Asimismo, este diseño modular ha sido proyectado para asimilar de forma nativa la incorporación de combustibles limpios del futuro, tales como el hidrógeno verde, así como soluciones de cogeneración y aprovechamiento geotérmico, respondiendo de manera oportuna a las crecientes presiones regulatorias en materia de descarbonización y sustentabilidad corporativa sin comprometer las métricas de tiempo de actividad o disponibilidad del centro informático.

La sinergia comercial e industrial establecida entre ambas organizaciones permite fusionar el liderazgo de Hitachi en infraestructura de redes de alta y media tensión, sistemas de potencia y plataformas de gestión digital, con el portafolio especializado de Baker Hughes en materia de conversión de energía, que abarca turbinas de gas preparadas para la combustión de hidrógeno, generadores de alta eficiencia, sistemas de automatización, condensadores síncronos y software de gestión de potencia.
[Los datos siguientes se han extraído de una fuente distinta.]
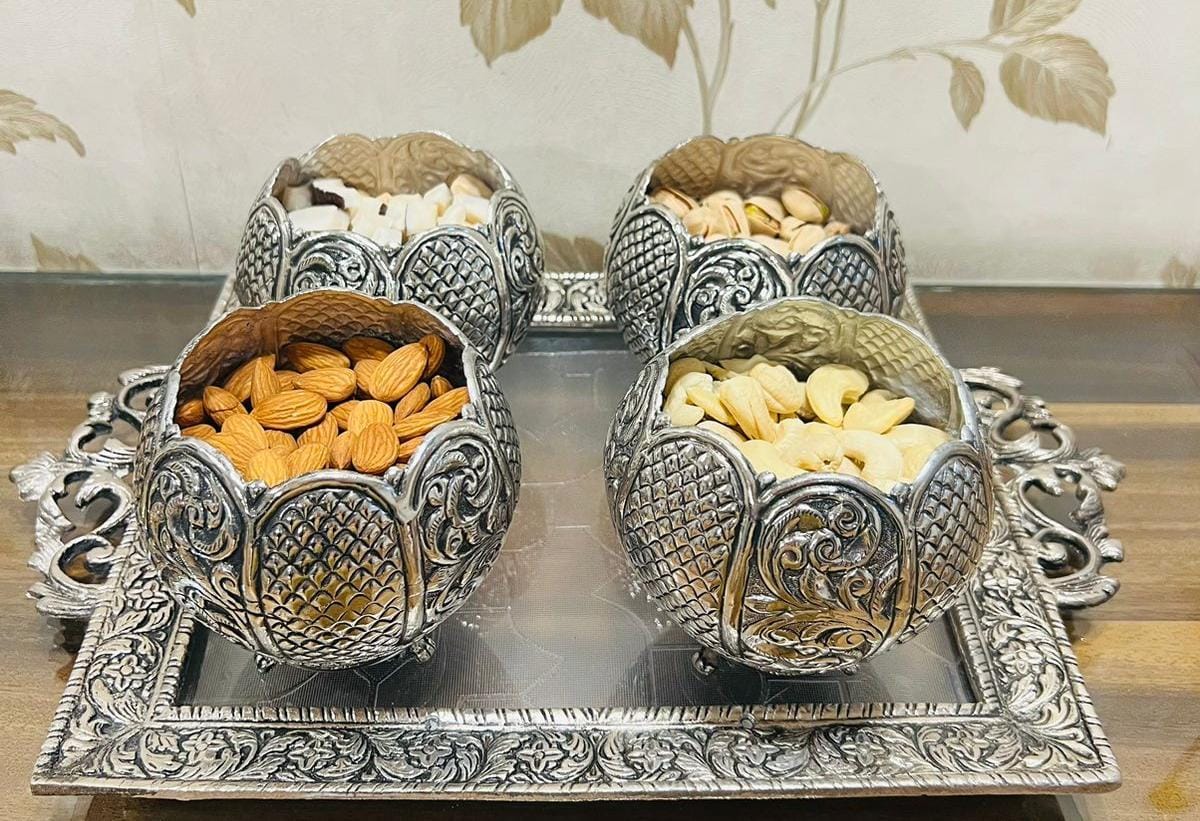 Pure German silver hand engraved dry fruit bowl+ tray set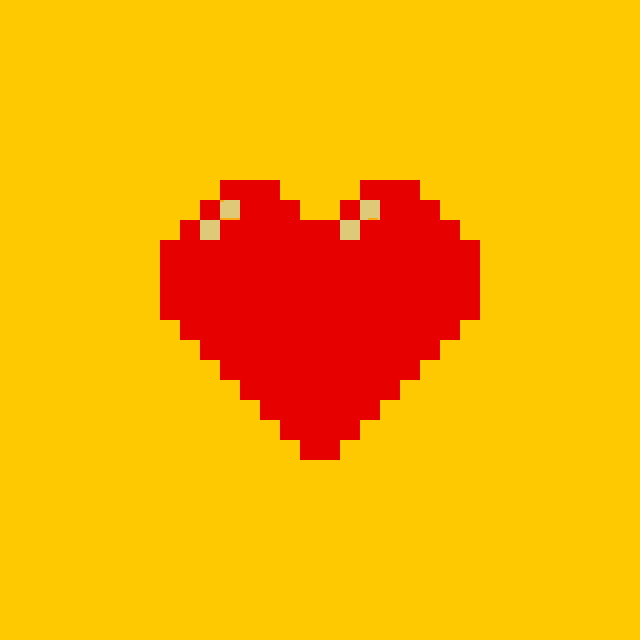 a pixel art of a red heart with sunglasses on a yellow background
Esta consolidación de capacidades tecnológicas bajo una única estructura de suministro elimina las complejidades operativas inherentes a las arquitecturas eléctricas tradicionales del mercado de centros de datos, las cuales suelen depender de una multiplicidad de proveedores independientes, introduciendo riesgos de integración física, desalineación en los cronogramas de construcción y una fragmentación en las responsabilidades contractuales frente a fallas sistémicas de los equipos.

La relevancia de implementar estas soluciones integradas se acentúa al observar las proyecciones de crecimiento del sector digital, cuyo valor de mercado se estima que escalará hacia el umbral de un billón de dólares para el año 2035, impulsado por una actividad constructiva continua que expandirá la huella física de los más de 4,000 complejos de procesamiento de datos que se encuentran actualmente operativos o en fase de producción global.

El modelo propuesto por Waseem Ahmad, vicepresidente de la división de centros de datos de Hitachi Americas, busca proveer un marco de referencia que asegure una mayor eficiencia termodinámica inmediata al tiempo que facilita la transición gradual hacia fuentes energéticas de bajo impacto ambiental. Al alinear bajo un mismo paraguas de ejecución técnica la generación de electricidad, la distribución de voltaje y los sistemas de control digital, los operadores de infraestructura crítica acceden a un modelo de ejecución simplificado que reduce los riesgos de desarrollo y transforma la disponibilidad de energía en una ventaja competitiva de largo plazo.